→ ABOUT THIS EXERCISE:
When you reach the line containing "this 350×262 image." in the entries below, start writing out each line exactly, and stop after the line containing "this 300×400 image.".

→ THE RECORDS:

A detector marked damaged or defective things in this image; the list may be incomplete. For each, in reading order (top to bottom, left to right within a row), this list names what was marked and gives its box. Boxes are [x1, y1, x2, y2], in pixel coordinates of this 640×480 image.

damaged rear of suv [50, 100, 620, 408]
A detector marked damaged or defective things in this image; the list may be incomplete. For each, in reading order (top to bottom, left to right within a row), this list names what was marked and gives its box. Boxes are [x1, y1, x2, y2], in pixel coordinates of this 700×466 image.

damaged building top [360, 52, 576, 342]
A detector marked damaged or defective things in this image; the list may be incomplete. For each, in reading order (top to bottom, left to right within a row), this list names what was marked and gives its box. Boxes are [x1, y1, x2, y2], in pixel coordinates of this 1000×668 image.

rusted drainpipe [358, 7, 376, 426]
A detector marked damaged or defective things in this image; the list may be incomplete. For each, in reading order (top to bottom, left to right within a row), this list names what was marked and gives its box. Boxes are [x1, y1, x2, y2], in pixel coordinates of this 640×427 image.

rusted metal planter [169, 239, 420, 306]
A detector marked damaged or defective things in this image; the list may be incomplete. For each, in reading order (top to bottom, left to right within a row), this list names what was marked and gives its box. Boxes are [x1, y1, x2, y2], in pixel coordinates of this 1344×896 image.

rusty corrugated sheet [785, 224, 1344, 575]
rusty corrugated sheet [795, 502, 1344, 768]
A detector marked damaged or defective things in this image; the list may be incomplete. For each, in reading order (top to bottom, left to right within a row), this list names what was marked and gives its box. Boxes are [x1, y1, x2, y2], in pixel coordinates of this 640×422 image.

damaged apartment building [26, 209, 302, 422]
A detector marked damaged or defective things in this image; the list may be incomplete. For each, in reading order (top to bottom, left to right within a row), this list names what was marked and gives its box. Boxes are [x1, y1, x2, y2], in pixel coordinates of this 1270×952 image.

--

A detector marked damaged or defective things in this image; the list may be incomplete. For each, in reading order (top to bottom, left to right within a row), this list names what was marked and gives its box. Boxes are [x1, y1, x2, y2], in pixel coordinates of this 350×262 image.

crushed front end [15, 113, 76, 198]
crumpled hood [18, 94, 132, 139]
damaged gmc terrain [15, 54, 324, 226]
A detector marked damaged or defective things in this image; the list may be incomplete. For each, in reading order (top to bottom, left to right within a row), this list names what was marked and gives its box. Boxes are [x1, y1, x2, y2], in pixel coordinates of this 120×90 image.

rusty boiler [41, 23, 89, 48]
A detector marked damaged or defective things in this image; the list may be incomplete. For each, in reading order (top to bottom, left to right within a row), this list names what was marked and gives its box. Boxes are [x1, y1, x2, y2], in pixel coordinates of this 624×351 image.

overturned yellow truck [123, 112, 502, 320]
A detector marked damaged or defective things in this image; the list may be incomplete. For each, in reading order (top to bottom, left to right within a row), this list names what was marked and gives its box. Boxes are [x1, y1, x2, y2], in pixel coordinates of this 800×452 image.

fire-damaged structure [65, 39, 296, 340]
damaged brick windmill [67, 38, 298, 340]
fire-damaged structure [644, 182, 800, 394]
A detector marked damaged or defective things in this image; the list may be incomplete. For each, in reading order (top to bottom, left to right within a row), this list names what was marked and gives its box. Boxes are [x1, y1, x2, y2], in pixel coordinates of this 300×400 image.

→ PROBLEM SOLUTION:
A detector marked damaged or defective things in this image; the list may be incomplete. For each, in reading order (top to bottom, left to right within a row), this list names what was marked and gives its box. Boxes are [x1, y1, x2, y2], in pixel coordinates of this 350×262 image.

crushed front end [15, 113, 76, 198]
crumpled hood [18, 94, 132, 139]
damaged gmc terrain [15, 54, 324, 226]
A detector marked damaged or defective things in this image; the list may be incomplete. For each, in reading order (top to bottom, left to right within a row), this list names what was marked and gives its box. Boxes are [x1, y1, x2, y2], in pixel coordinates of this 120×90 image.

rusty boiler [41, 23, 89, 48]
A detector marked damaged or defective things in this image; the list may be incomplete. For each, in reading order (top to bottom, left to right within a row), this list names what was marked and gives its box. Boxes are [x1, y1, x2, y2], in pixel coordinates of this 624×351 image.

overturned yellow truck [123, 112, 502, 320]
A detector marked damaged or defective things in this image; the list may be incomplete. For each, in reading order (top to bottom, left to right within a row), this list names what was marked and gives its box. Boxes are [x1, y1, x2, y2], in pixel coordinates of this 800×452 image.

fire-damaged structure [65, 39, 296, 340]
damaged brick windmill [67, 38, 298, 340]
fire-damaged structure [644, 182, 800, 394]
A detector marked damaged or defective things in this image; the list may be incomplete. For each, in reading order (top to bottom, left to right within a row), this list names what was marked and gives its box. Boxes are [x1, y1, x2, y2], in pixel coordinates of this 300×400 image.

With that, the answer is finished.